Statistical Analysis of Massive Data Streams: Overview of a CATS Workshop
Sallie Keller-McNulty, (Los Alamos National Laboratory), email@example.com
The National Research Council's Committee on Applied and Theoretical Statistics (CATS) recently held a two-day workshop exploring methods for the statistical analysis of streams of data so as to stimulate further progress in this field. "Data Streams" may be defined as "A sequence of digitally encoded signals used to represent information in transmission". The workshop focus was on data streams that are too massive or dynamic to be subjected to batch processing.

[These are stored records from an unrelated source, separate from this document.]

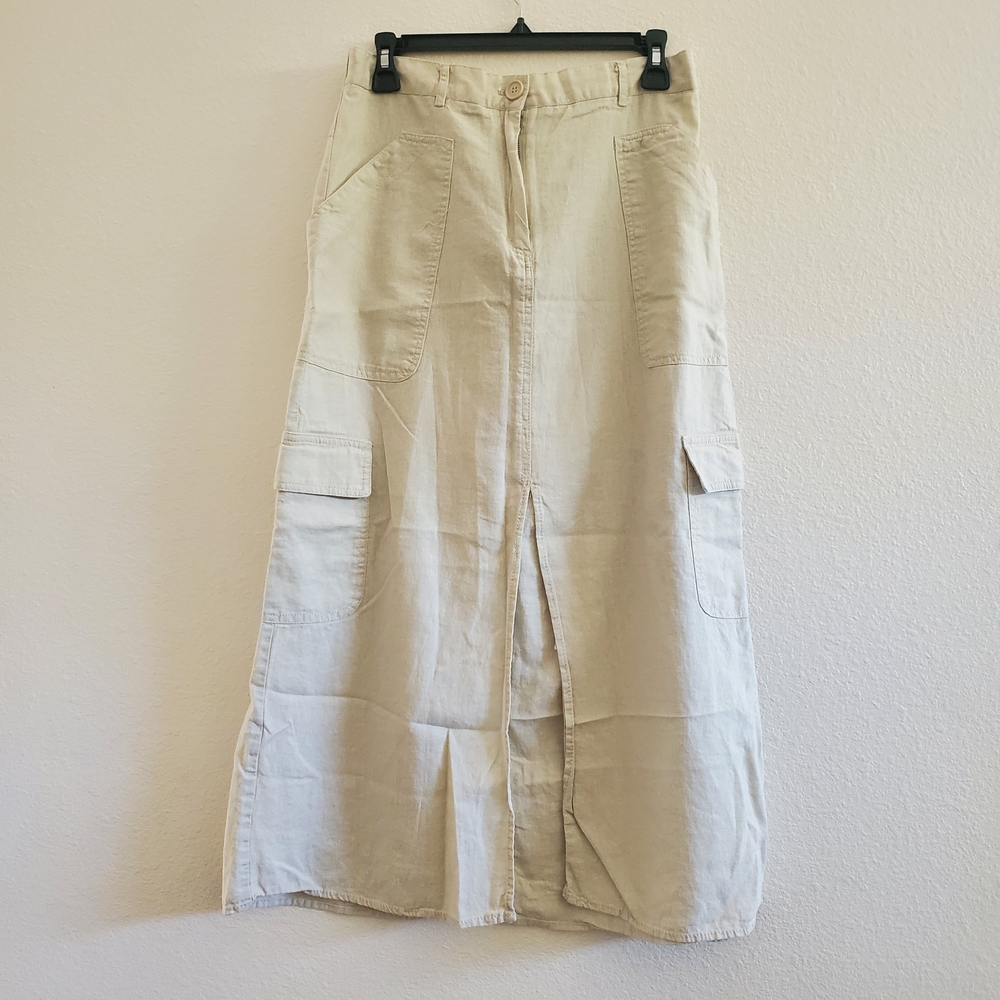 Max Studio Neutral Beige Cargo Maxi Skirt Size L - Picture 2 of 9
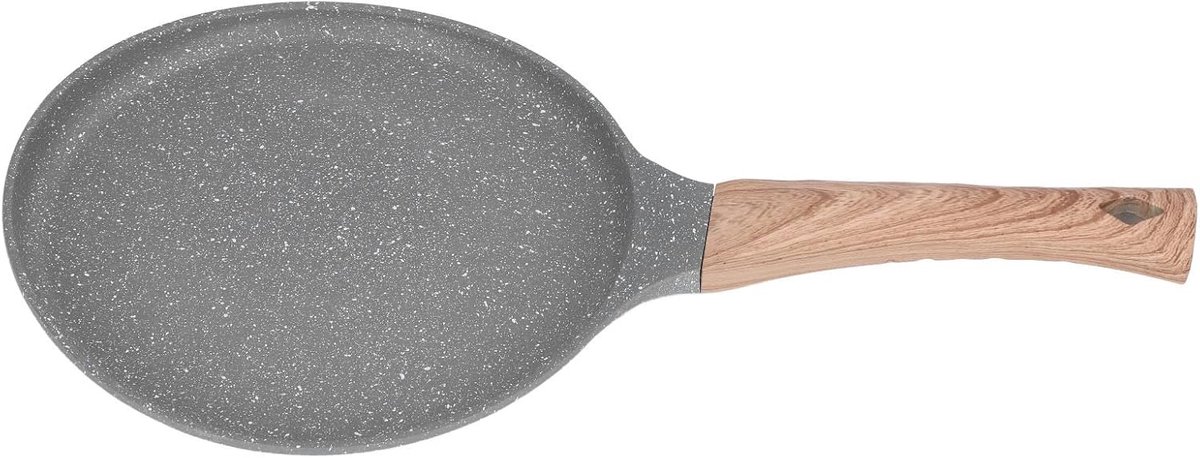 Koekenpan Aluminium - Pannenkoekenpan Omeletpan - Ontbijt Koken - Magnetische Bodem - Diameter 28 cm - Zwart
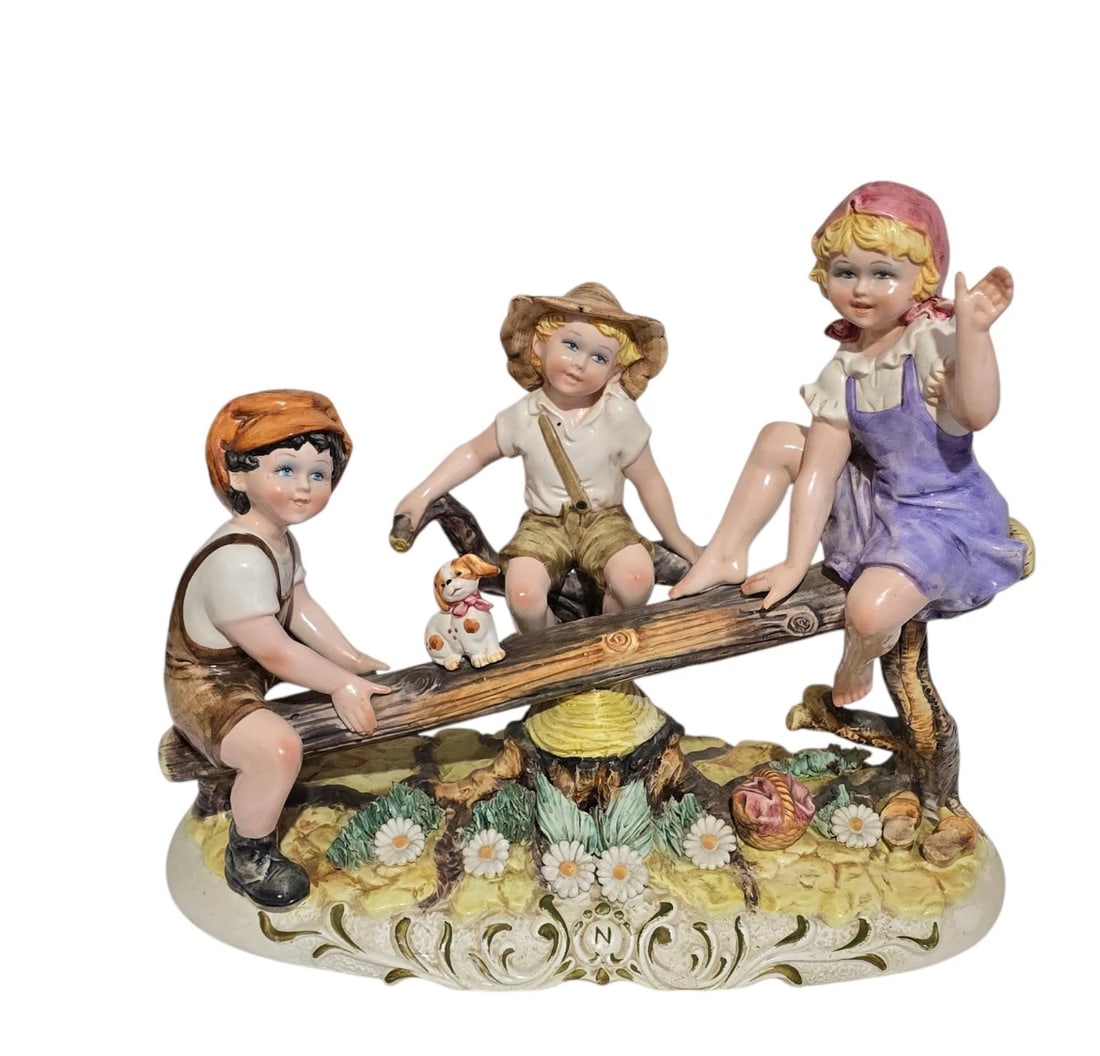 Large Capodimonte Children On The See-Saw Porcelain Figurine Made in Italy (1 of 13)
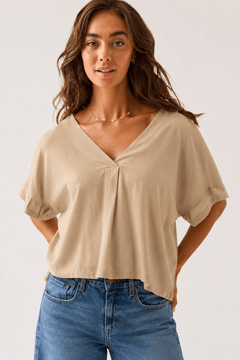 Viscose Blend Blouse in Neutral Beige- Size: XL/XXL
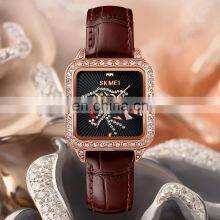 Luxury Brand SKMEI 1768 Leather Quartz Watch Ladies Dress Diamond Wristwatch Casual Women Bracelet Watch thumbnail-5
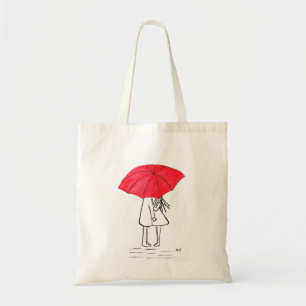 Red umbrella couple rustic chic minimalist wedding tote bag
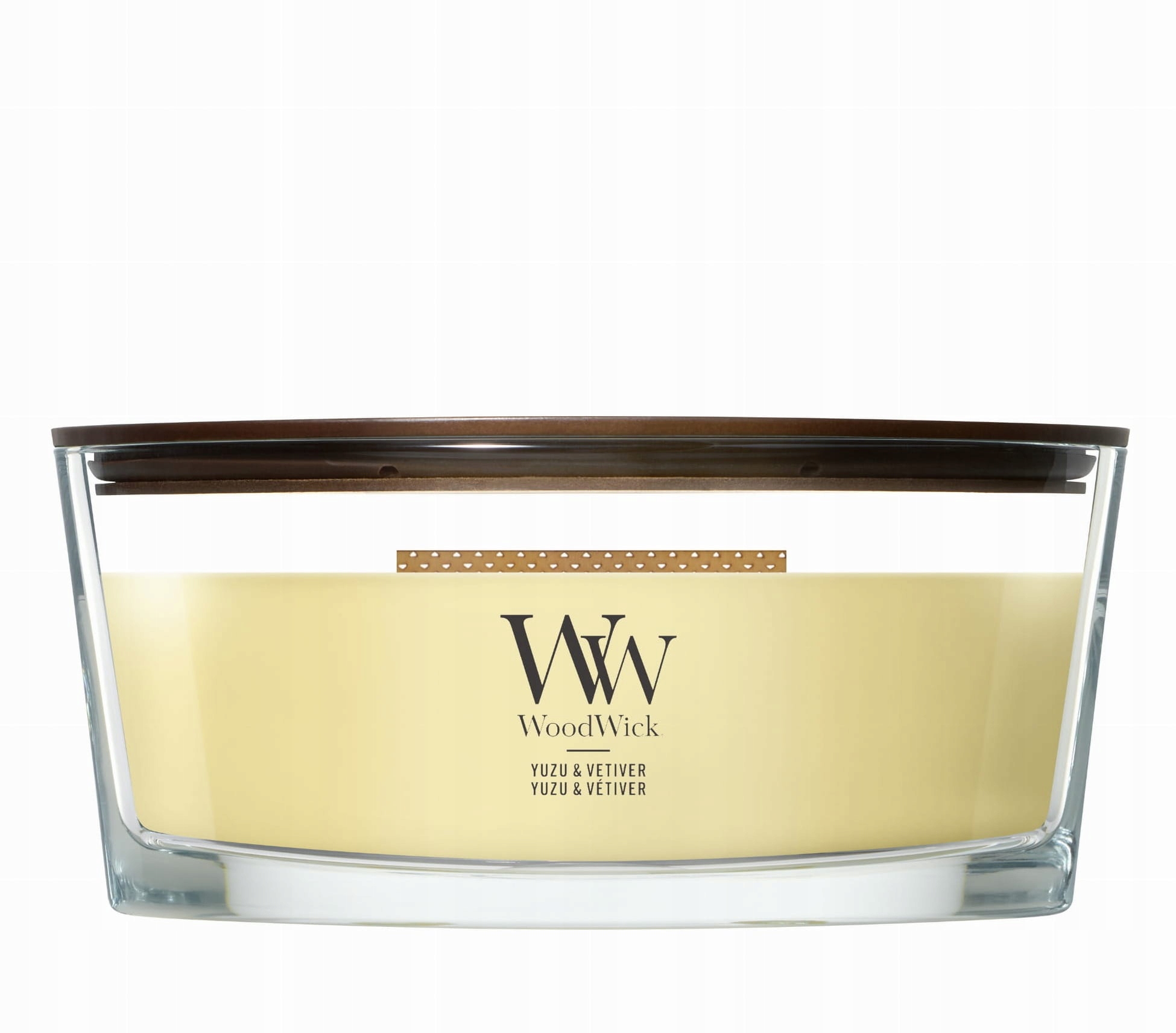 Vonná svíčka elipsa WoodWick Yuzu & Vetiver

With such data streams, massive amounts of data are arriving continually and it is necessary to perform very frequent analyses or re-analyses on the constantly arriving data. Often there is so much data that only a short time window's worth is economically storable, necessitating summarization strategies. The workshop brought together a broad base of researchers from statistics, probability, and computer science who are dealing with massive data streams in different contexts. Sessions were held on the following topics: Atmospheric and Meteorological Data; High-Energy Physics; Integrated Data Streams; Network Traffic ; and Mining Commercial Streams of Data. The workshop was very successful in starting the crossfertilization of ideas among attendees. This talk will give an overview of the workshop's activities, with a focus on recommendations made during discussion sessions ranging from exciting research problems to ideas for increased collaborations.